To plot the loss (figure 1.c):
python3 plot_custom_exp.py --legends "N=5 N=10 N=15 N=20 N=25" --title "QSGD with EF for Different Number of Agents with Proportional Learning Rates" --ylabel "Loss"
You can also plot the collision plot:
python3 plot_custom_exp.py --legends "N=5 N=10 N=15 N=20 N=25" --title "QSGD with EF for Different Number of Agents with Proportional Learning Rates" --ylabel "Loss" --plot_collisions True
Warning: After you are done, don't forget to change the name of "custom_exp" folder.
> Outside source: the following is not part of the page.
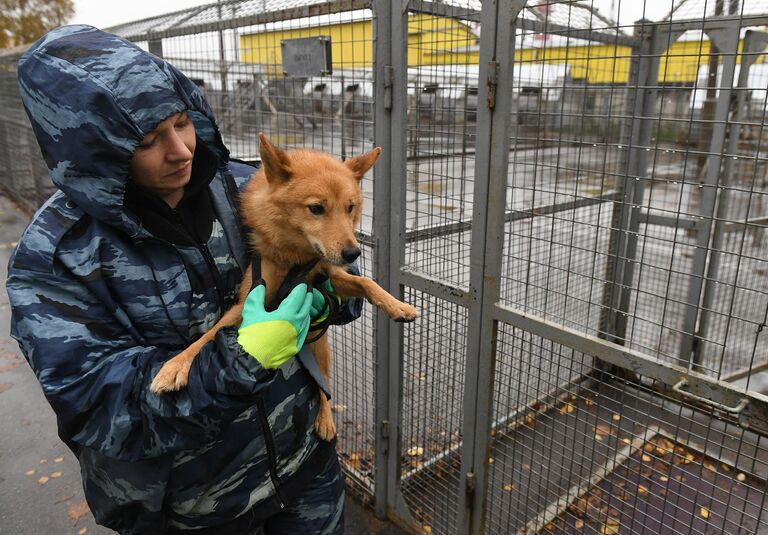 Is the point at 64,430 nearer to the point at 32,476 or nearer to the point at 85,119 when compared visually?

Run the following scripts respectively to reproduce the results of figure 1.d.
python3 custom_exp.py --compression True --compression_name qsgd --plot_collisions True --error_feedback True --num_bits 2 --Lambda 0
python3 custom_exp.py --compression True --compression_name qsgd --plot_collisions True --error_feedback True --num_bits 2 --Lambda 1
python3 custom_exp.py --compression True --compression_name qsgd --plot_collisions True --error_feedback True --num_bits 2 --Lambda 2
python3 custom_exp.py --compression True --compression_name qsgd --plot_collisions True --error_feedback True --num_bits 2 --Lambda 5
python3 custom_exp.py --compression True --compression_name qsgd --plot_collisions True --error_feedback True --num_bits 2 --Lambda 7
python3 custom_exp.py --compression True --compression_name qsgd --plot_collisions True --error_feedback True --num_bits 2 --Lambda 10
To plot figure 1.d:
python3 plot_custom_exp.py --legends "L=0 L=1 L=2 L=5 L=7 L=10" --title "QSGD with EF for Regularizer Test" --ylabel "Number of Collisions" --plot_collisions True
You can also plot the loss:
python3 plot_custom_exp.py --legends "L=0 L=1 L=2 L=5 L=7 L=10" --title "QSGD with EF for Regularizer Test" --ylabel "Number of Collisions"
Warning: After you are done, don't forget to change the name of "custom_exp" folder.
To see the animation of any experiment, you can just make --animate argument True.